Los muertos que provocan los animalistas
Nuestra sociedad ha adoptado una corrección política absolutamente insoportable en la que se somete a los dictados de los animalistas que provocan los muertos como los de Chantada. Unos animalistas que exigen que, cuando menos, se valore igual la vida de un guarro y la de un ser humano
El pasado sábado ABC dedicaba un amplio reportaje a la invasión que el jabalí está provocando en nuestras calles y nuestras carreteras. Una invasión que provocó hace una semana la muerte en Chantada (Lugo) de dos jóvenes de 18 años, limpios de alcohol y drogas y con el cinturón de seguridad puesto, que fallecieron cuando volviendo de un entrenamiento de baloncesto, chocaron con un jabalí y murieron a causa del impacto.
El domingo, en el mismo diario, mi admirado Ignacio Camacho hacía una trasposición política del incremento del número de jabalíes, con la que se puede estar más o menos de acuerdo. Pero afirmaba algo de lo que quiero discrepar sin matices. «No hay modo de frenar su invasión» en referencia a los guarros. ¡Ah! ¡No! Claro que la hay. Lo que sucede es que nuestra sociedad ha adoptado una corrección política absolutamente insoportable en la que se somete a los dictados de los animalistas que provocan los muertos como los de Chantada. Unos animalistas que exigen que, cuando menos, se valore igual la vida de un guarro y la de un ser humano.

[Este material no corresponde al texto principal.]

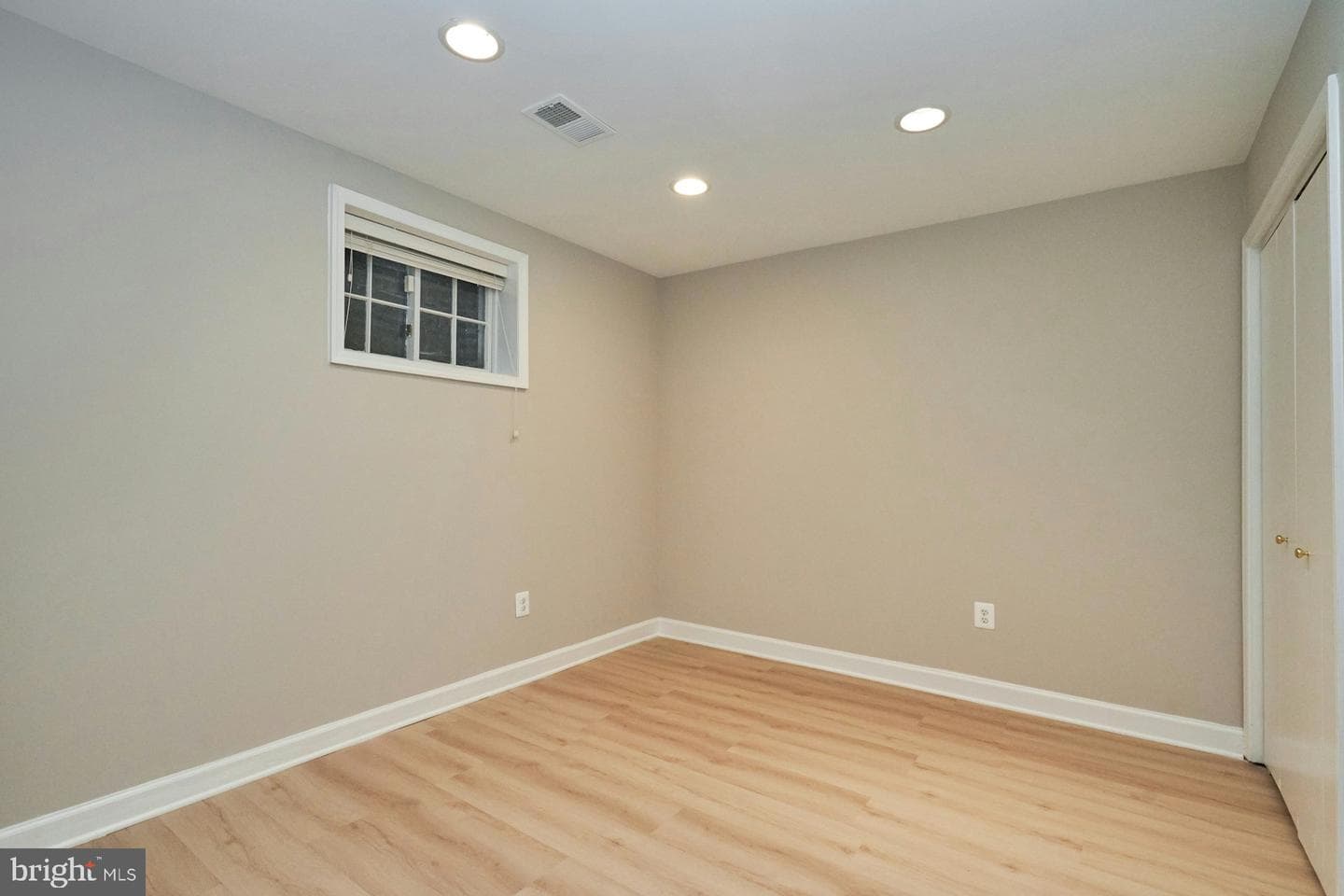 3886 University Drive photo 30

El problema del crecimiento disparado de los cochinos en España -quede claro que estoy hablando de los suidos- requiere solución urgente. Como declaró a ABC Joaquín Vicente del Instituto de Investigación de Recursos Cinegéticos (IREC) cada año se cazan unos 400.000 jabalíes, pero para frenar el aumento de la población se necesitaría eliminar a más del 50 por ciento. Al menos 750.000 al año. Más del doble de lo que se caza ahora. Y la realidad incuestionable es que cae el número de cazadores porque cada vez se pone más dificultades a la práctica del arte venatorio y se agrede desde los medios de comunicación -desde la inmensa mayoría de ellos- a quienes quieren promover ese arte o al menos mantenerlo. Son incapaces de entender el gran lema de la montería, el que en España enarbola el Real Club de Monteros: «Venare non est occidere» Cazar no es matar.
El maestro Ortega y Gasset reflexionó sobre ello en su prólogo al libro «Veinte años de caza» de su amigo el conde de Yebes. Que si la caza es una vocación, y no un trabajo; que por tanto es deporte y una pedagogía para educar el carácter; que es una actividad que transitoriamente nos convierte en paleolíticos entendiendo de dónde venimos; que aunque cazar no es exclusivamente humano, la forma de cazar de los humanos nos distingue de la del resto de las especies animales; y lo que para mí es más importante, el verdadero cazador sabe que las horas de espera o rececho en un campo son de comunión con lo que allí sucede a su alrededor. El montero puede acabar feliz un día en que no ha matado nada. En el precioso artículo de despedida de Álvaro Ussía que publicó su hermano Alfonso en El Debate el pasado domingo nuestro compañero recordaba cómo «Álvaro era un cazador a su aire. Si le entraba un venado al puesto, le animaba a seguir su paso: ‘Matar un venado es como disparar contra un autobús de dos pisos’». Estoy seguro de que Álvaro hubiera compartido el placer de ver correr entre coscojas, casi fuera de tiro, unos cochinos que estaban allí para ser abatidos. Y el momento se disfruta por igual si se falla.
Pero fallar no ayuda nada a resolver el problema que tiene España en esta hora. La población se ha disparado de forma inverosímil. Yo conozco de primera mano un coto toledano donde se da un gancho de guarros anualmente en una mancha de unas 35 hectáreas de soto y en la que, a lo largo de tres lustros, con unos doce puestos, se han matado cada año entre ninguno y seis guarros. De repente, el año pasado, con similar concurrencia de circunstancias y monteros se mataron 24.
Pero cazar es políticamente incorrecto y por decir que lo haces te insultan. Cuando ahora vemos piaras de guarros hambrientos corriendo por las calles de las ciudades o por las palayas, pienso siempre en que llegará un día en que un niño correrá con inocencia hacia uno de esos rayones tan bonitos, creyendo que es tan inocente como el cachorrito de un perro. Y ése es el momento en que una jabalina de cuatro patas se convierte en tan peligrosa como la que lanza un atleta olímpico. Si eso se clava en alguien, no digamos en un niño pequeño, mata.